▸ AIM OF THE TASK: Make an exact copy, from the records below, of the lines from the line containing "Used 2020 Tesla Model Y Long Range image 11" to the line containing "Piramide ongepolijst 10 cm", both lines included, excluding pictures.

▸ Extracted data entries:
== Segment start ==
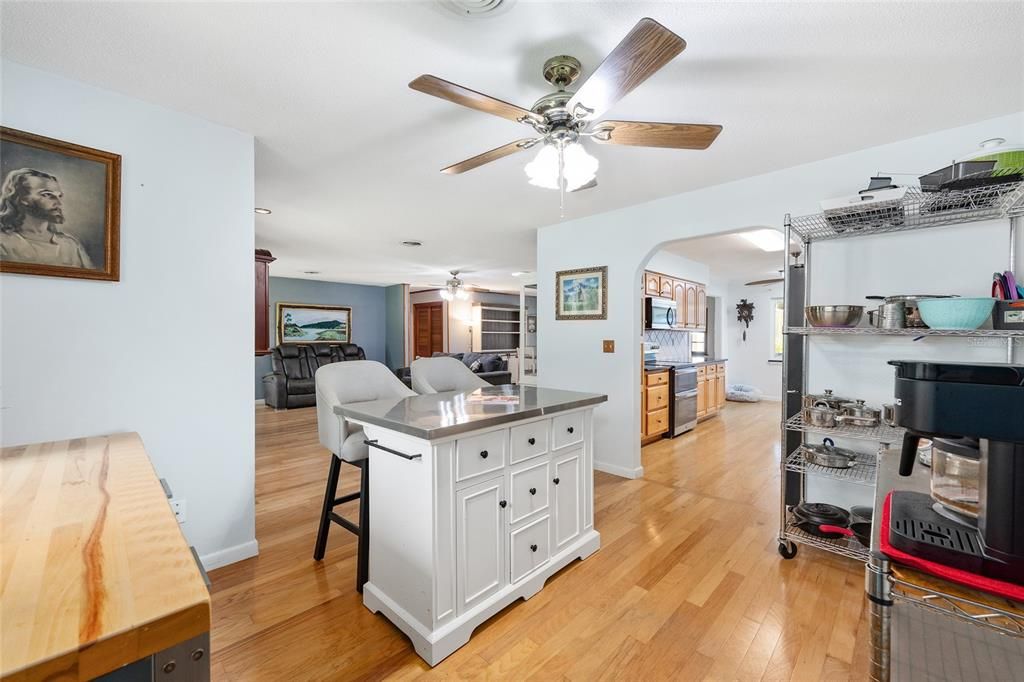 Active With Contract: $499,900 (4 beds, 3 baths, 2683 Square Feet)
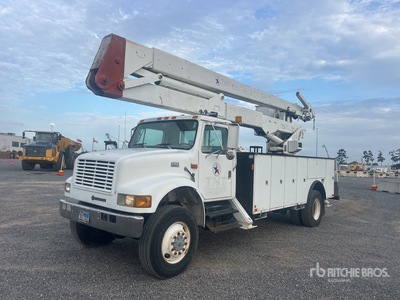 2000 Lift-All L0M-55-2MS 55 ft on 2000 International 4800 DT 4x2 Bucket Truck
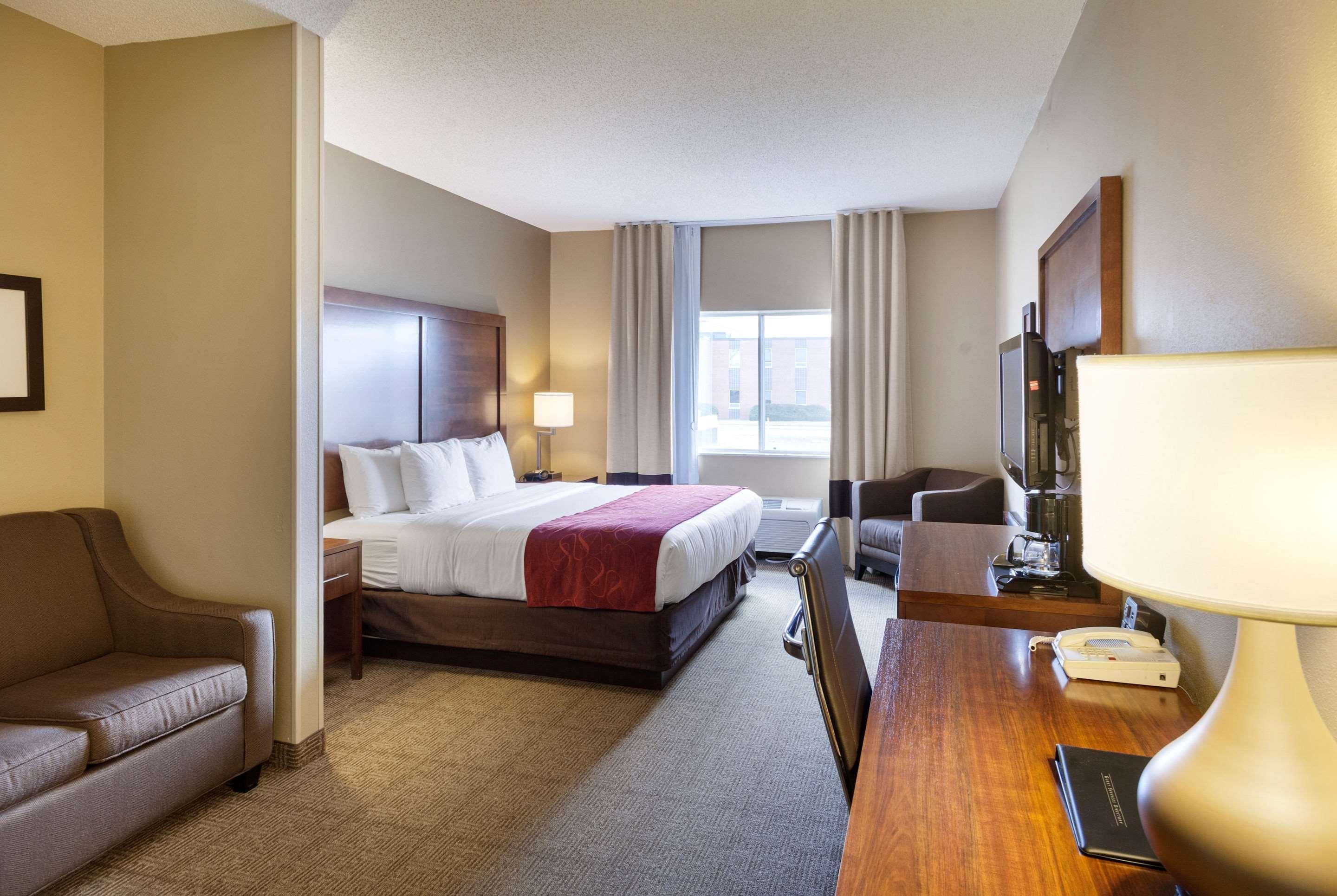 Comfort Suites University Линкольн Экстерьер фото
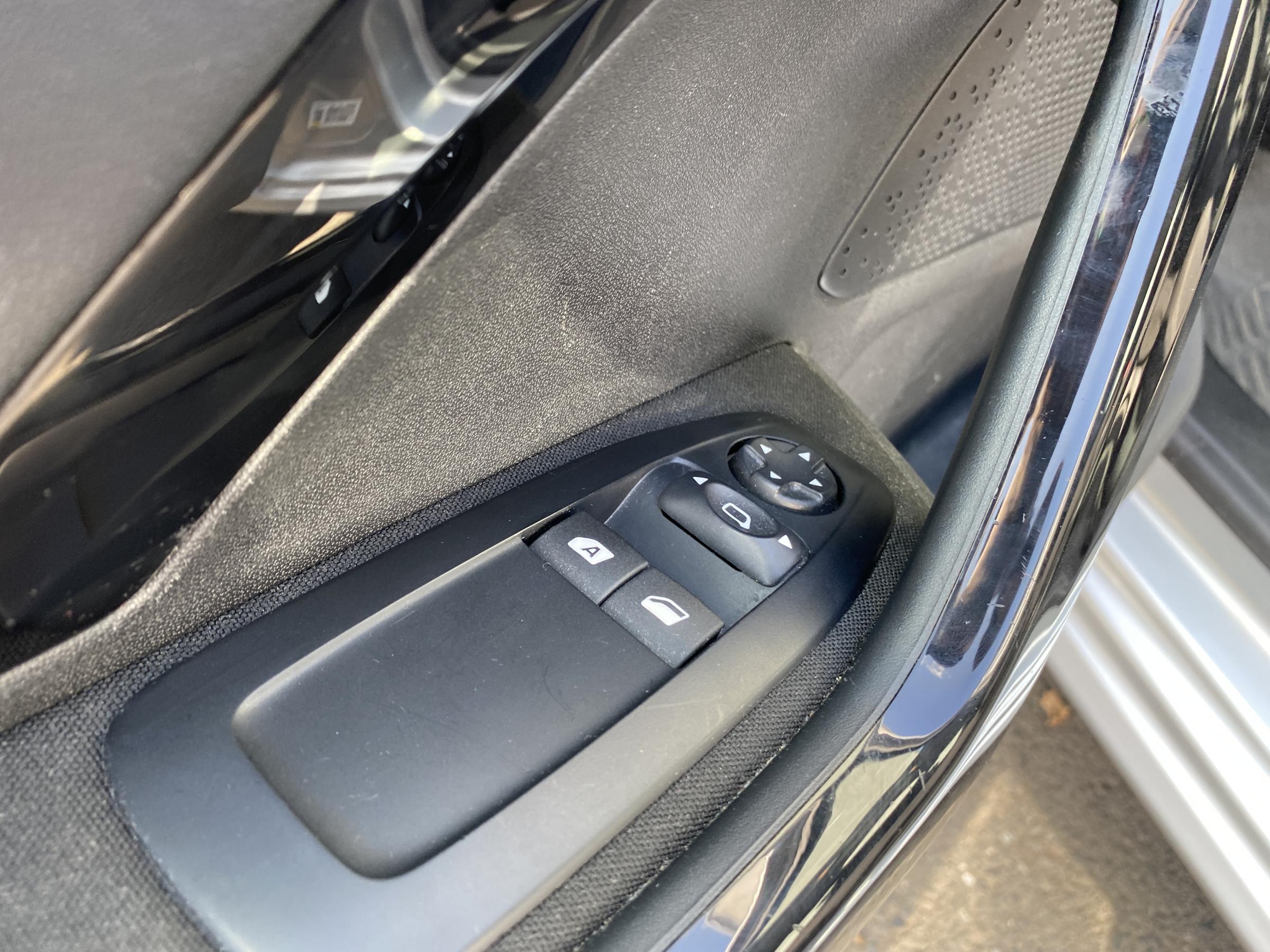 Peugeot 208, 2017 - pohled č. 14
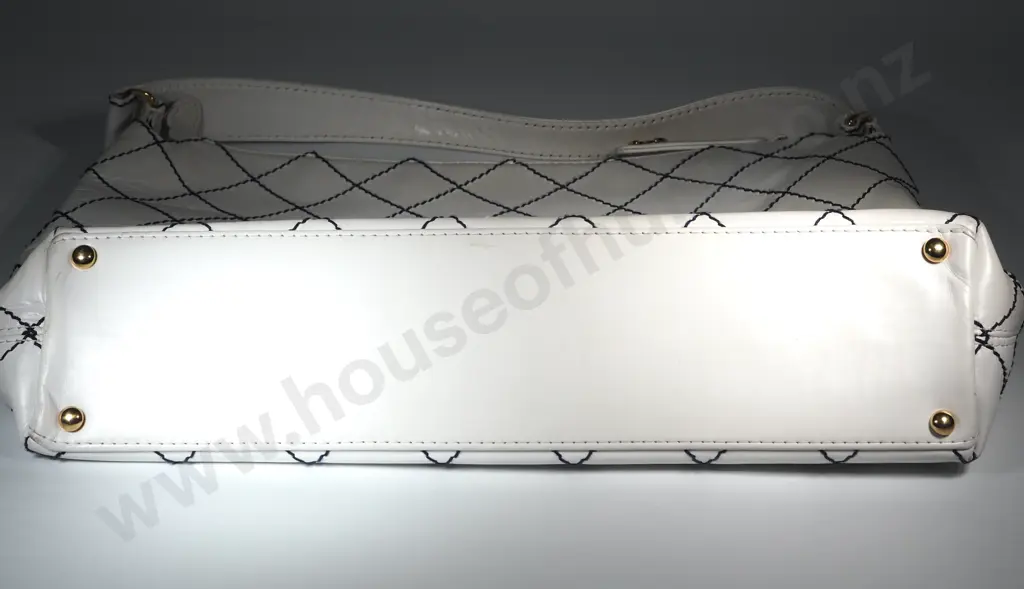 CHANEL Wild Stitch Quilted leather Tote Bag in White Image 1++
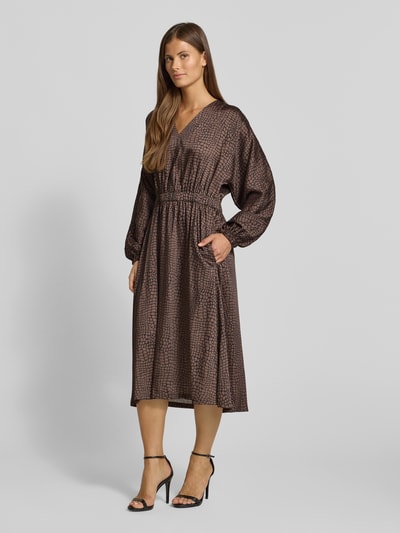 JOOP! Knielange jurk met V-hals, model 'DAKOTA' Middenbruin - 1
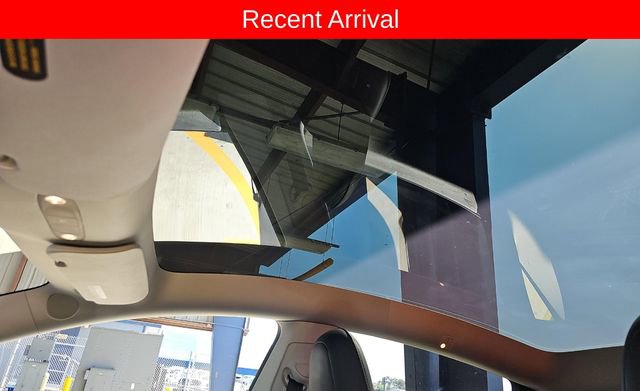 Used 2020 Tesla Model Y Long Range image 11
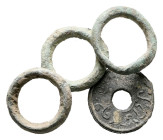 Lot of ca. 4 bronze "ring money" / SOLD AS SEEN, NO RETURN!
Very Fine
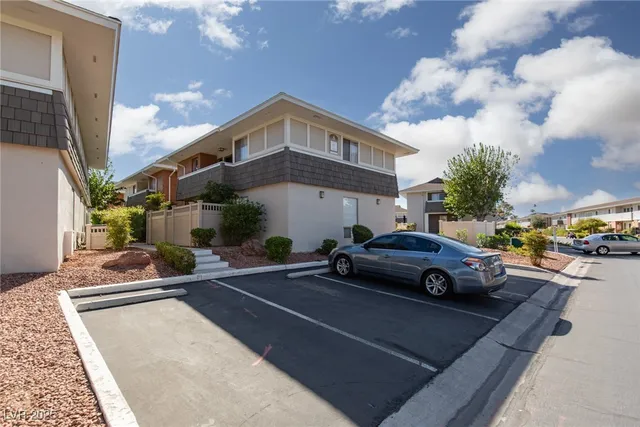 $1,295 | 753 Oakmont Avenue, Unit 801, Las Vegas, NV 89109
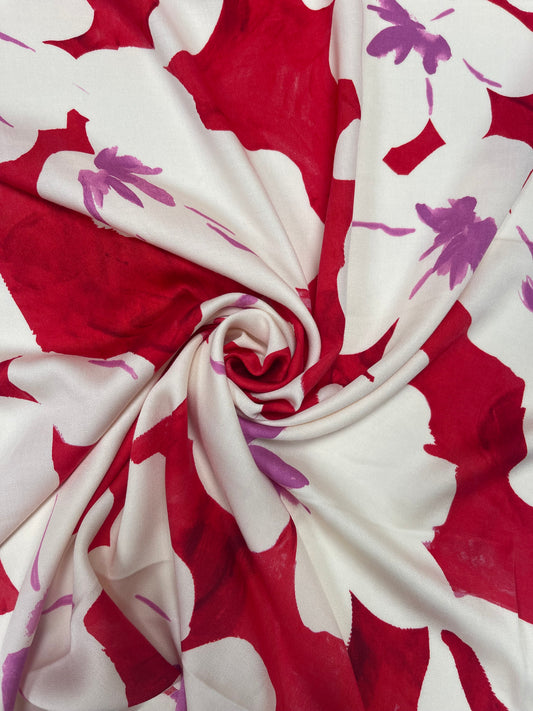 SS2024 Viscose met grote florale print rood lila ecru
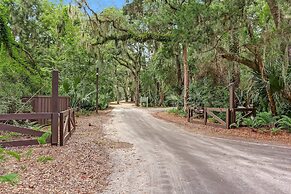 Dog Friendly Beach Wood Condo, Minutes Away from Atlantic Ocean by Red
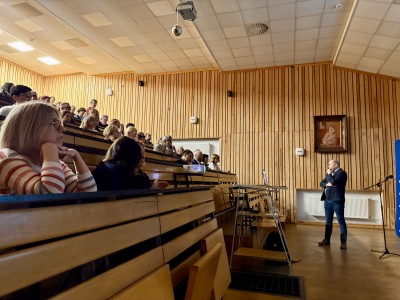 Zdjęcia sali wykładowej podczas wykładu prof. Jemielitego. Zdjęcia pokazują Profesora, jego prezentację i audytorium. Kliknij, aby powiększyć zdjęcie.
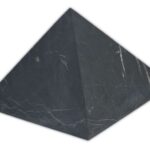 Piramide ongepolijst 10 cm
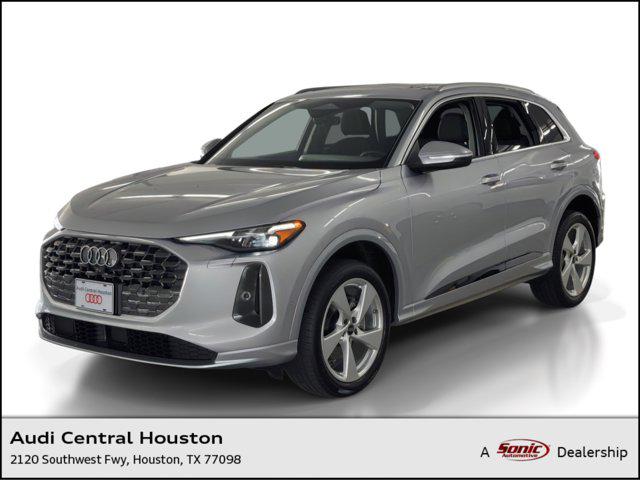 2025 Audi Q5 40 Premium Plus's photo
== Segment end ==
▸ RESULT OF THIS EXERCISE:
 Used 2020 Tesla Model Y Long Range image 11
 Lot of ca. 4 bronze "ring money" / SOLD AS SEEN, NO RETURN!
Very Fine
 $1,295 | 753 Oakmont Avenue, Unit 801, Las Vegas, NV 89109
 SS2024 Viscose met grote florale print rood lila ecru
 Dog Friendly Beach Wood Condo, Minutes Away from Atlantic Ocean by Red
 Zdjęcia sali wykładowej podczas wykładu prof. Jemielitego. Zdjęcia pokazują Profesora, jego prezentację i audytorium. Kliknij, aby powiększyć zdjęcie.
 Piramide ongepolijst 10 cm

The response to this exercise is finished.